30.01.2018, Gloria
Unter einem Himmel, bestehend aus (in wechselnden Farben) illuminierten Schäfchenwolken, beginnen Samuel „Sam“ Ervin Beams IRON AND WINE ihr Konzert im ausverkauften Gloria mit dem grandiosen Song „The Trapeze Swinger“ (der nie auf einem offiziellen Studioalbum erschien). Es geht um eine längst vergangene Liebesbeziehung. Er erzählt in dem Lied davon, wie man weiß geschminkt die Nachbarn zu Halloween erschreckte, wie man zusammen am Haus saß und alle vorbeifahrenden schwarzen Autos zählte. Vielleicht banale Szenen. Aber genau die Erinnerungen, die wieder einfallen und unfassbar traurig und sehnsüchtig stimmen.

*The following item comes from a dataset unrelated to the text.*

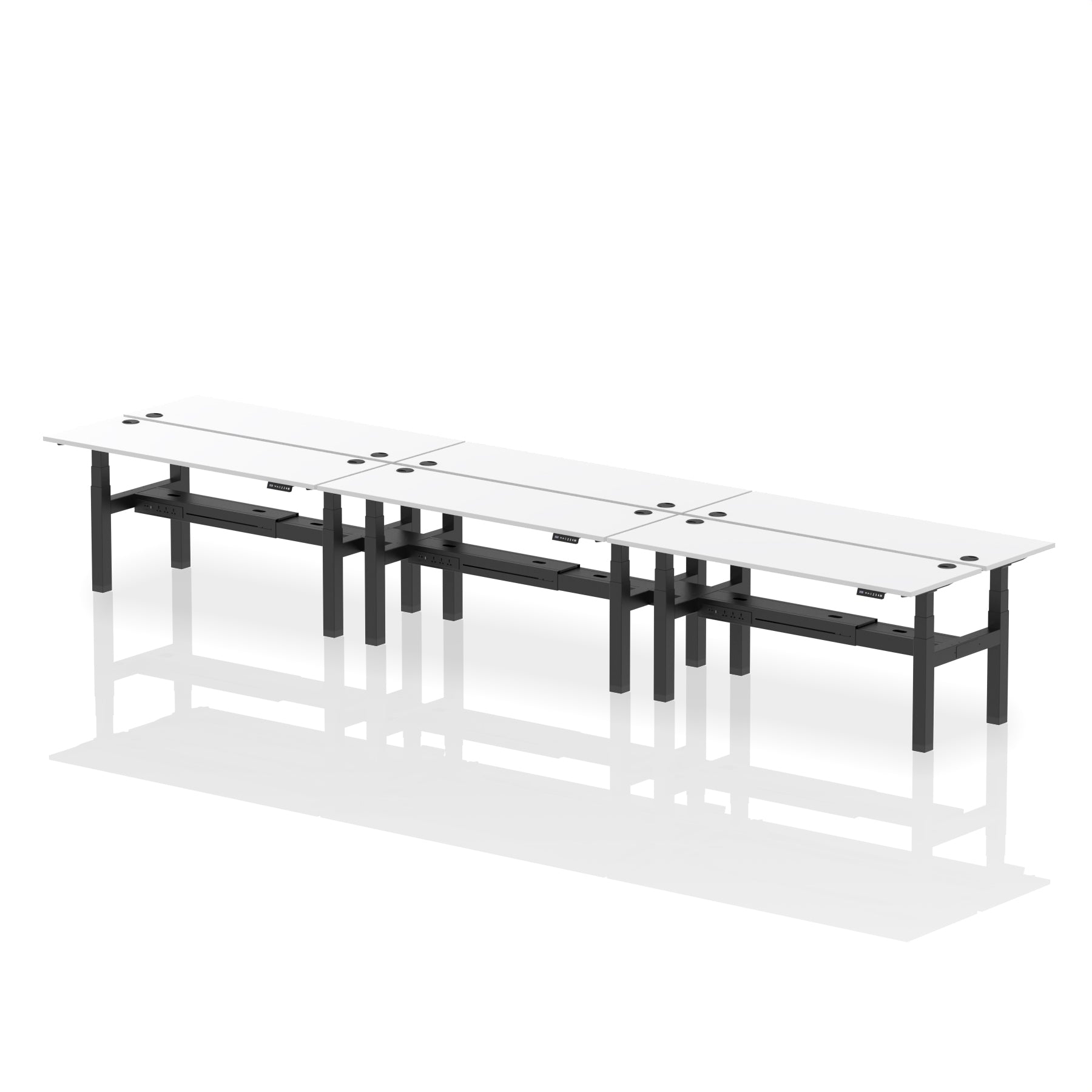 Air Back-to-Back Slimline Height Adjustable Bench Desk - 6 Person dynamic  Desk Top  Oak Width 180cm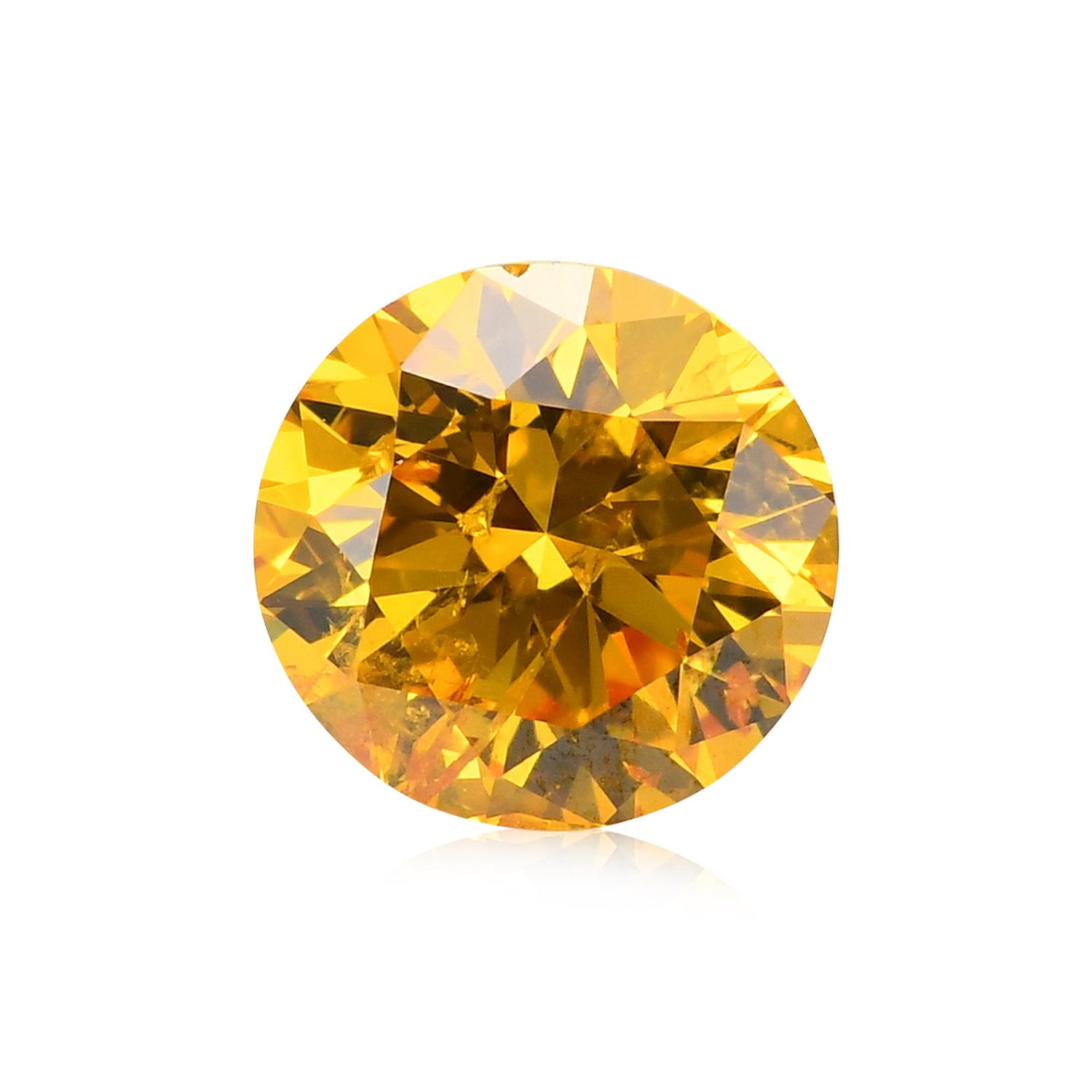 0.52 Carat Fancy Vivid Orangy Yellow Round Brillant Diamond I2 GIA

Sam Beams Songs sind das musikalische Pendant zu den frühen amerikanischen Mumblecore Filmen. Auf den ersten Blick sind die Filme wie auch seine Songs eher einfach und übersichtlich gehalten. Aber es geht fast ausschließlich um die großen existenziellen Themen und um ihre philosophische Betrachtung.
Das Publikum (beim ersten Song und bei Song zwei – „Last Night“ – konnte man noch einzelne Gesprächsfetzen im Saal vernehmen) ist am heutigen Abend entweder unglaublich diszipliniert oder auf’s Äußerste gebannt. Bei der Darbietung der perfekt aufeinander eingespielten 5-köpfigen Band ist das kein Wunder. Hier sitzt jeder präzise und sanft ausgeführte Trommelschlag, jede gezupfte Saite an der richtigen Stelle.

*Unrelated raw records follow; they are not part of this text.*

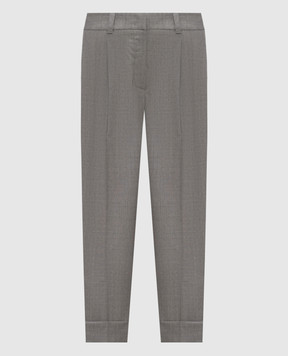 Peserico Gray wool pants with monil chain A04816V02008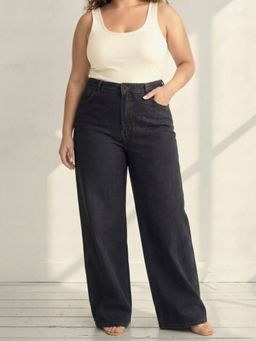 Amydus - Plus Size Wide Leg Ash Black Jeans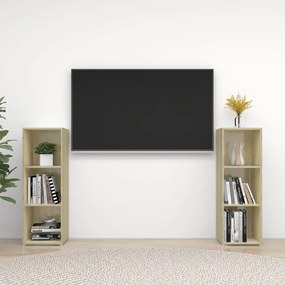 Comode TV, 2 buc., stejar Sonoma, 107x35x37 cm, PAL 2, Stejar sonoma, 107 x 35 x 37 cm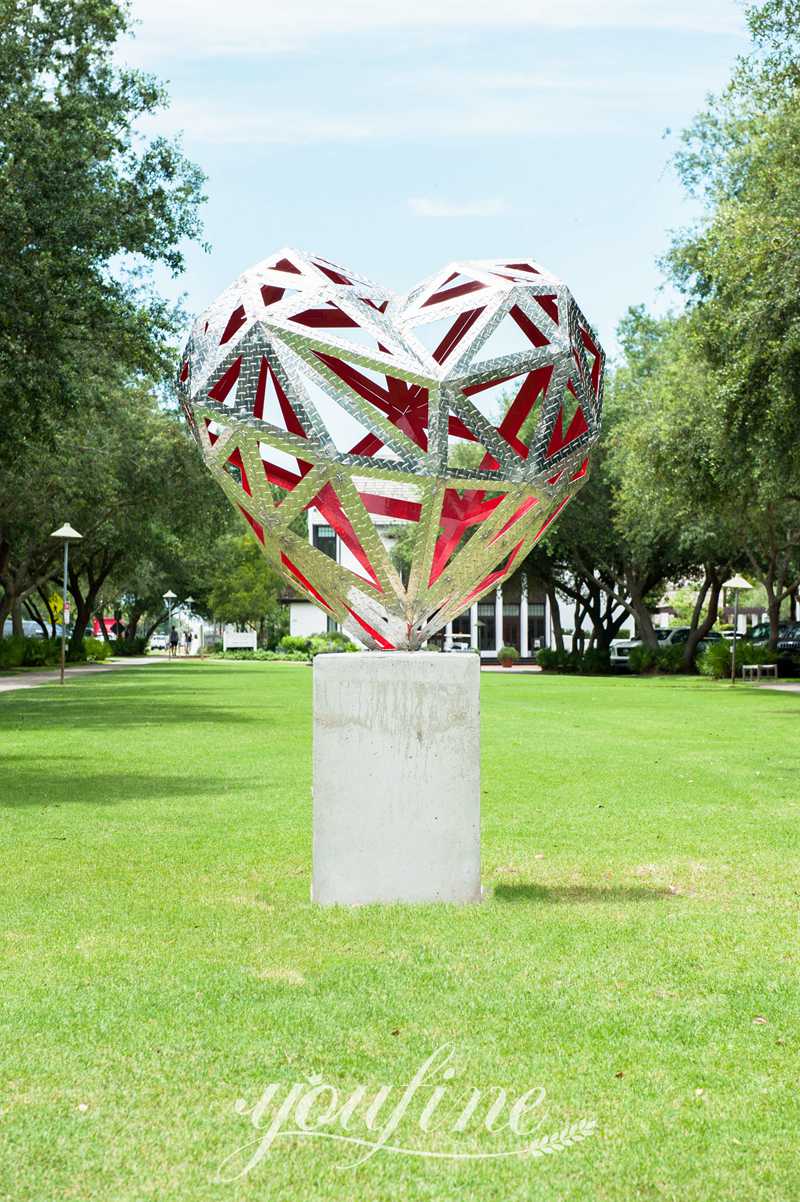 Metal red heart statues-YouFine Sculpture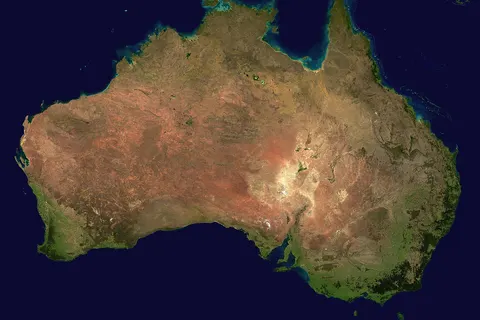 A composed satellite photograph of Australia .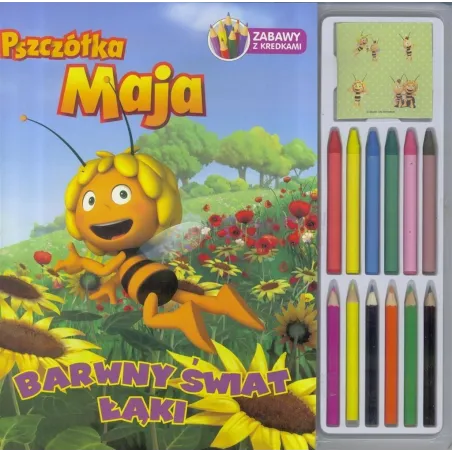 PSZCZÓŁKA MAJA. BARWNY ŚWIAT ŁĄKI. ZABAWY Z KREDKAMI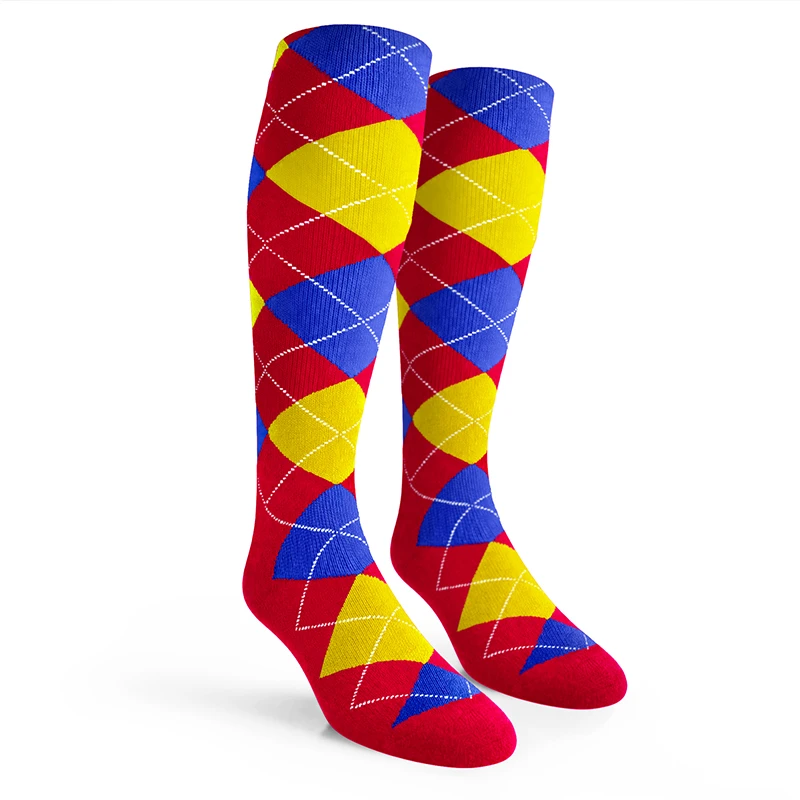 Argyle Socks - Mens Over-the-Calf - 5B: Red/Yellow/Royal
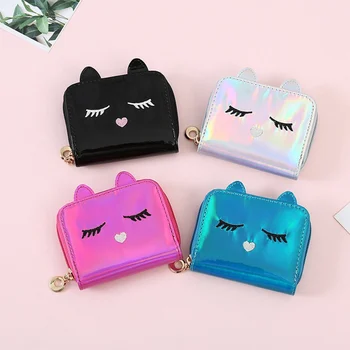 

1 PC Mini Cartoon Cat Coin Purses Women Girls Cute PU Leather Money Wallet Pocket Bag Female Coin Purse Dropship New Arrival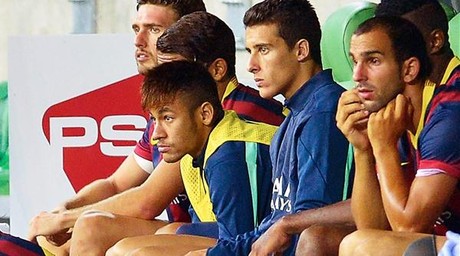Neymar, como suplente en el banquillo del Barça en el amistodo contra el Lechia Gdansk.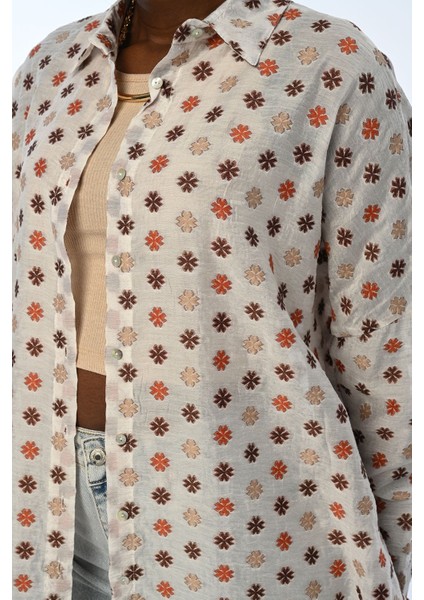 Kadın Çiçek Desenli Oversıze Kalıp Gömlek fiyatları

Und Beam, sei er ganz abgezockter Entertainer oder tatsächlich von dem großartigen Publikum beeindruckt, veranstaltet in dem 900er Saal ein intimes Wohnzimmerkonzert, dessen selbstbewusst und weise gewählte, relativ geringe Lautstärke, perfekt zu den Liedern der Setlist des heutigen Abend passt. Die Rückbesinnung auf die akustische Instrumentierung der ersten beiden Alben war eine gute Entscheidung.

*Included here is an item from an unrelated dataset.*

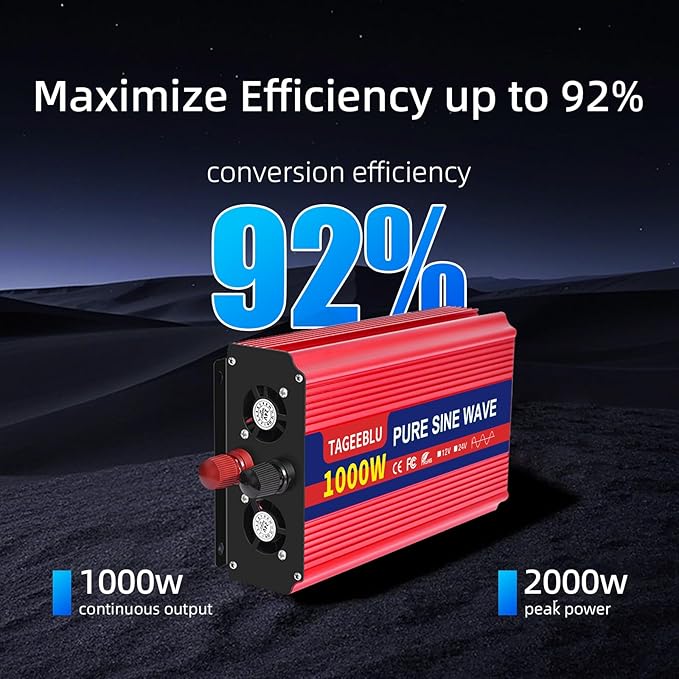 1000W Pure Sine Wave Inverter - 2000W Surge Peak, 24V DC to 110V AC Heavy Duty Power Inverter for RV, Truck, Home, Solar, Off-Grid, Outdoor, Car Converter with Dual AC Outlets and LCD Display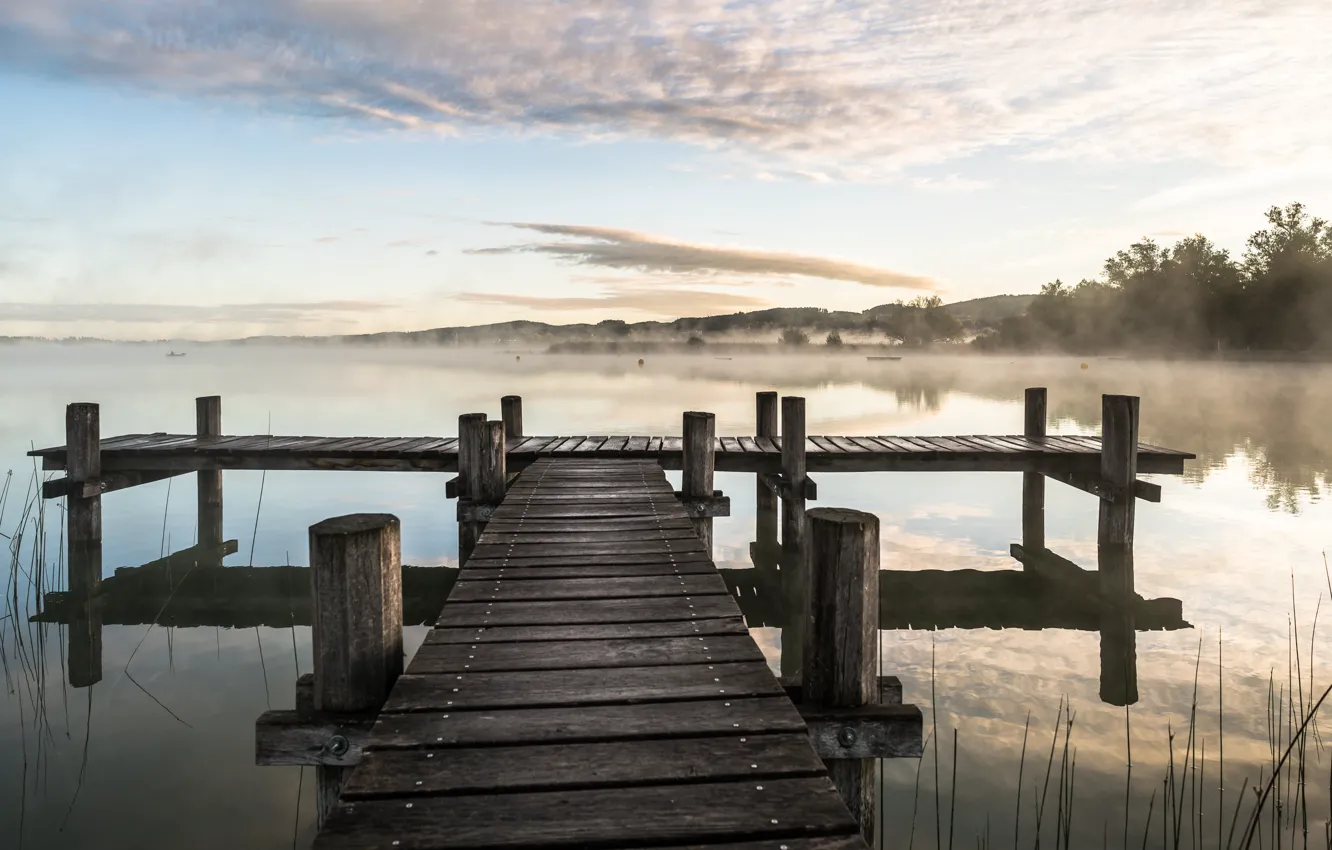 Photo wallpaper bridge, fog, lake, morning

Zum Ende der Show werden bekanntere Songs gespielt. Jedoch verzichtet man auf die beliebte (und funktionierende) Methode, zum Ende eines Konzerts, mit der Zurschaustellung des musikalischen Könnens, durch einen immer lauter werdenden, letztendlich kathartischen Jam, das Publikum zu überwältigen und so einen vermeintlich „befriedigenden“ Abend zu simulieren. Das haben IRON AND WINE nicht nötig. Sie spielen einfach ihre Lieder.